I know she wants this to end and I don’t want to scream at her, “It is the end! Number sixteen, we’re here!” We have just this one more job to complete but she doesn’t even want to do that.

And she knows about this last job, how I feel about it, how I feel about him. “We’re so close,” I said this morning before we left the house. But Marcie acted as if she didn’t hear me.

Number sixteen is Tom Jarvis, a senior-ranking senator from South Carolina. He has lived within a fifty-mile radius of North Charleston his entire life. In 1993 he bought a house. He’s been eating three eggs over-easy, two pieces of rye toast, three slabs of bacon, and one coffee with one creamer on the same covered porch every day for the last twenty-three years.
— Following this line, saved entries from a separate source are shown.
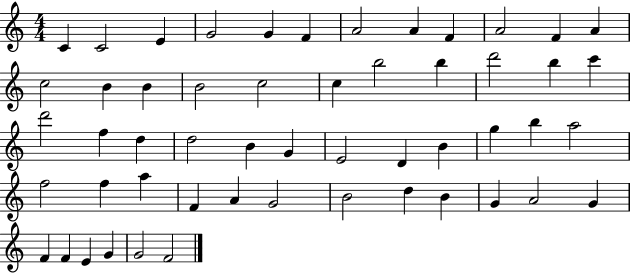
{
  \clef treble
  \numericTimeSignature
  \time 4/4
  \key c \major
  c'4 c'2 e'4 | g'2 g'4 f'4 | a'2 a'4 f'4 | a'2 f'4 a'4 | \break c''2 b'4 b'4 | b'2 c''2 | c''4 b''2 b''4 | d'''2 b''4 c'''4 | \break d'''2 f''4 d''4 | d''2 b'4 g'4 | e'2 d'4 b'4 | g''4 b''4 a''2 | \break f''2 f''4 a''4 | f'4 a'4 g'2 | b'2 d''4 b'4 | g'4 a'2 g'4 | \break f'4 f'4 e'4 g'4 | g'2 f'2 | \bar "|."
}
No matter what health experts say about egg yolks or coffee or bacon I know that Tom Jarvis will be eating the same breakfast on that same back porch until the day he drops dead from a heart-clogged seizure.

An ex-preacher, Jarvis believes in upholding American values as he sees them. He believes in strengthening sodomy laws. He believes that police need more money and more tanks. He believes that crack cocaine laws are too lenient. He believes that flag burners should be harshly punished and that affirmative action from the start was going too far. Tom Jarvis is a forty-six-year-old, barrel-chested African American man who scored big among aging white males but drew a meager three to eight percent of the African American vote during each of his four elections. Tens of thousands of South Carolinians came out to bankroll and canvas for Senator Jarvis because he stands for the unbending, sacred laws of his patriotic slave-owning forefathers, and if Senator Tom Jarvis died by assassination his adoring hoard would rally around the man’s corpse. They’d lift his body above their heads and proclaim a national day of mourning. And then they’d all pump a round into the chamber.

Even if I believed in murder as a strategy I wouldn’t kill Tom Jarvis. Death for him, for any of the thousands of men and women like him, is never the answer. The answer is amputation.